On Mon, 2009-05-11 at 11:31 +0100, Jakob Voss wrote
> A format should be described with a schema (XML Schema, OWL etc.) or at
> least a standard. Mostly this schema already has a namespace or similar
> identifier that can be used for the whole format.
This is unfortunately not the case.
> For instance MODS Version 3 (currently 3.0, 3.1, 3.2, 3.4) has the XML
> Namespace http://www.loc.gov/mods/v3 so this is the best identifier to
> identify MODS.
And this is a perfect example of why this is not the case.
The same mods schema (let alone namespace) defines TWO formats, mods and
modsCollection.
To quote from the schema:
------------------------------------------------
***** An instance of this schema is
(1) a single MODS record:
-->
<xsd:element name="mods" type="modsType"/>
<!--
or
(2) a collection of MODS records:
-->
<xsd:element name="modsCollection">
<xsd:complexType>
<xsd:sequence>
<xsd:element ref="mods" maxOccurs="unbounded"/>
</xsd:sequence>
</xsd:complexType>
</xsd:element>
<!--
***** End of "instance" definition
-------------------------------------------------
So you're using the same identifier to identify two different things at
the same time.
We discussed this a lot during the development of SRU and there simply
isn't an existing identifier for an XML 'format'.

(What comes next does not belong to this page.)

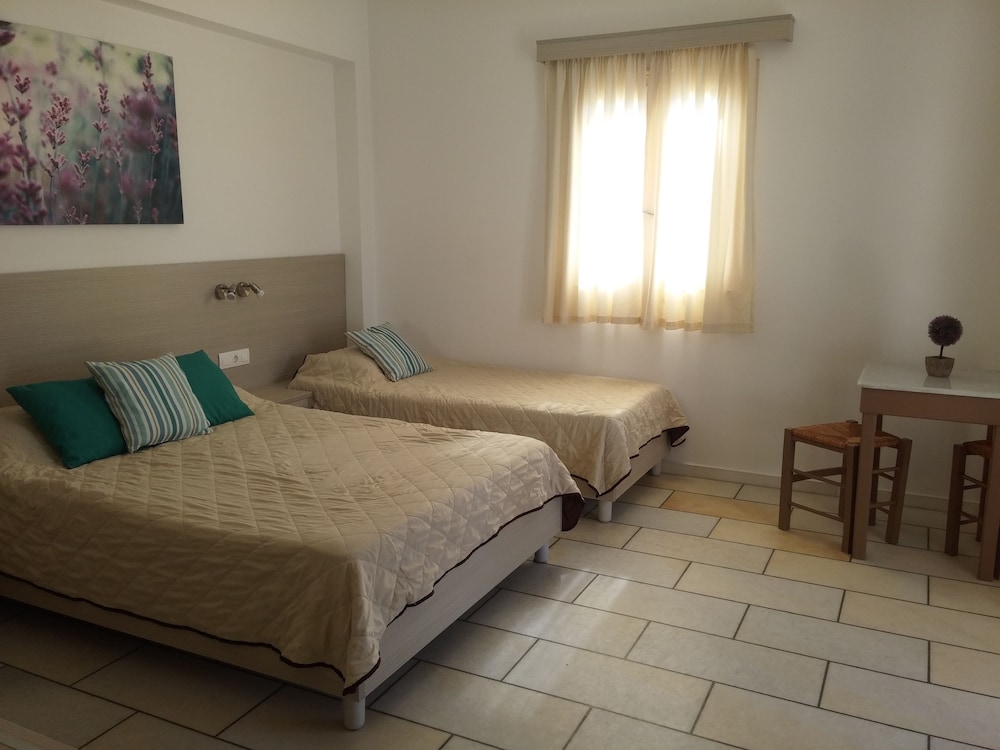 Family Apartment, 2 Bedrooms photo 2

Also consider the following more hypothetical, but perfectly feasible
situations:
* One namespace is used to define two _totally_ separate sets of
elements. There's no reason why this can't be done.
* One namespace defines so many elements that it's meaningless to call
it a format at all. Even though the top level tag might be the same,
the contents are so varied that you're unable to realistically process
it.
Rob
|